## [WORK INSTRUCTIONS]
Only the lines from the one containing "迷你考拉仓西湖区嘉绿迷你仓面积选择攻略打造你的私人储物空间" through the end of the data are wanted, reproduced exactly and without pictures.

## [DATA SHOWN]
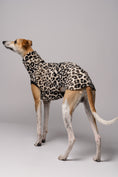Load image into Gallery viewer, Whippet im Long Shirt in Leo – stilvolle Windhundmode mit wildem Muster und bequemer Passform
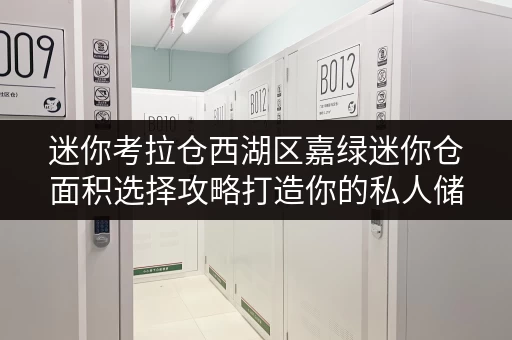 迷你考拉仓西湖区嘉绿迷你仓面积选择攻略打造你的私人储物空间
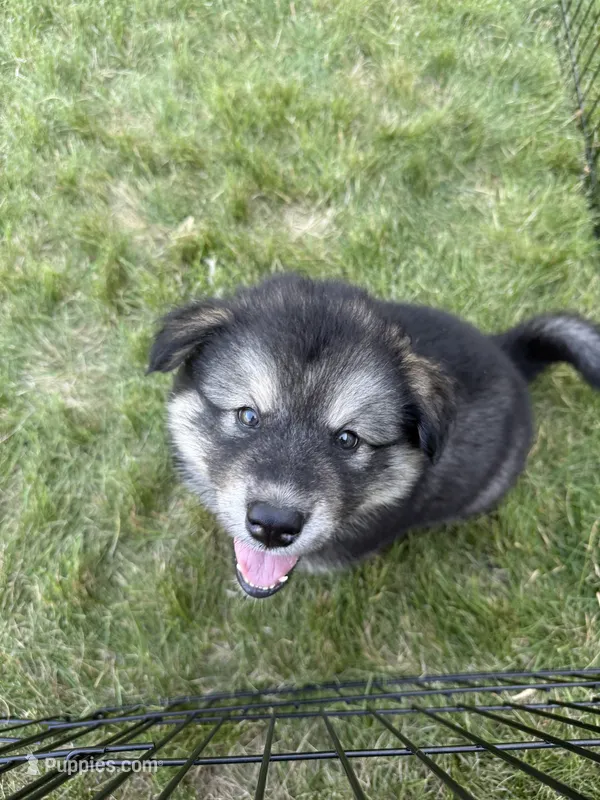 Loki – Alaskan Malamute puppy for sale in Melrose, MN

## [TASK RESPONSE]
 迷你考拉仓西湖区嘉绿迷你仓面积选择攻略打造你的私人储物空间
 Loki – Alaskan Malamute puppy for sale in Melrose, MN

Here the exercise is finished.